## PROVIDED RECORDS

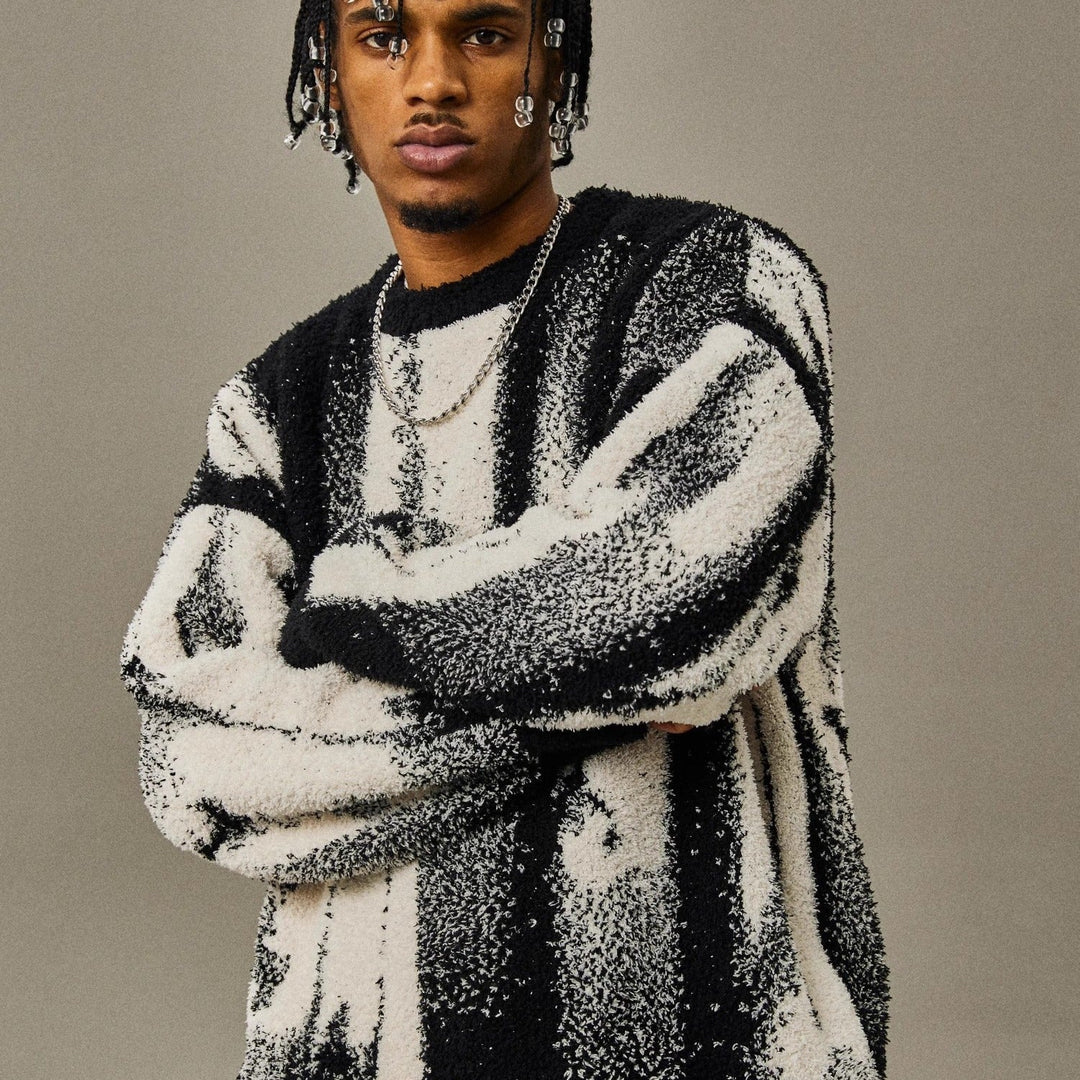 Men's Fuzzy Gradient Knit Sweater | Abstract Monochrome Pullover | Winter Streetwear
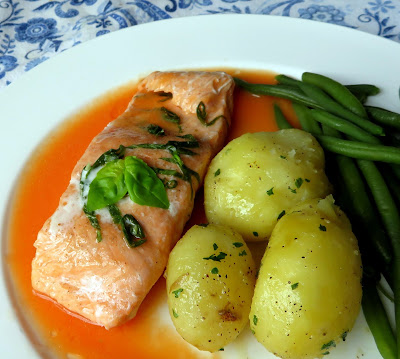 Steamed Sea Trout with a Ginger & Tomato Sauce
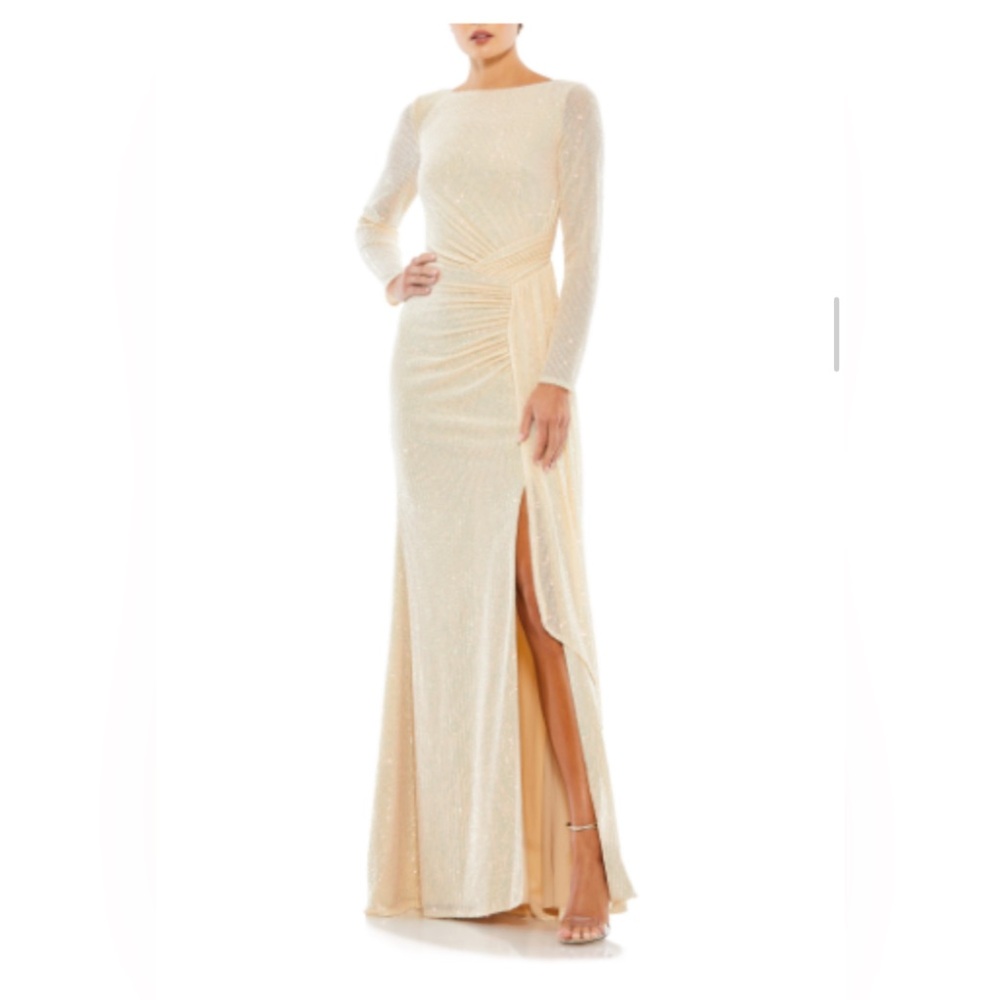 Mac Duggal Sequin Long Sleeve Gown- Size 2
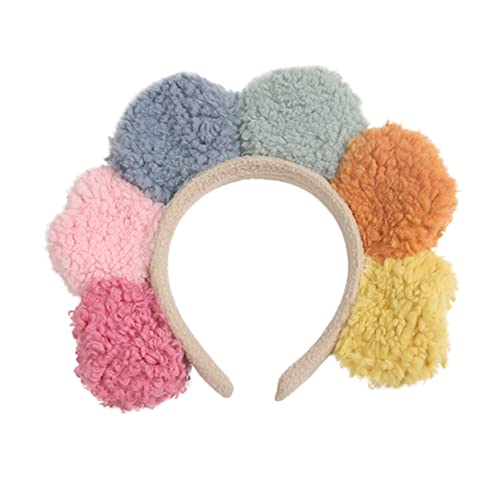MAGICLULU Bezauberndes Damen-stirnband Zum Waschen Des Gesichts Haarband mit Sonnenblumenmuster Aus Plüsch Make-up-zubehör Elastische Lammwolle Hautfreundlich Fusselt Nicht. von MAGICLULU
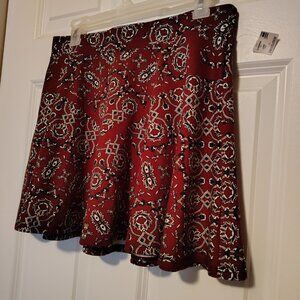 Aeropostale Short Skater Skirt Maroon Paisley Bandana Print Womens/Juniors L NWT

## WHAT YOU SHOULD DO
Drop the images and return the data verbatim.

## SOLUTION BELOW
 Men's Fuzzy Gradient Knit Sweater | Abstract Monochrome Pullover | Winter Streetwear
 Steamed Sea Trout with a Ginger & Tomato Sauce
 Mac Duggal Sequin Long Sleeve Gown- Size 2
MAGICLULU Bezauberndes Damen-stirnband Zum Waschen Des Gesichts Haarband mit Sonnenblumenmuster Aus Plüsch Make-up-zubehör Elastische Lammwolle Hautfreundlich Fusselt Nicht. von MAGICLULU
 Aeropostale Short Skater Skirt Maroon Paisley Bandana Print Womens/Juniors L NWT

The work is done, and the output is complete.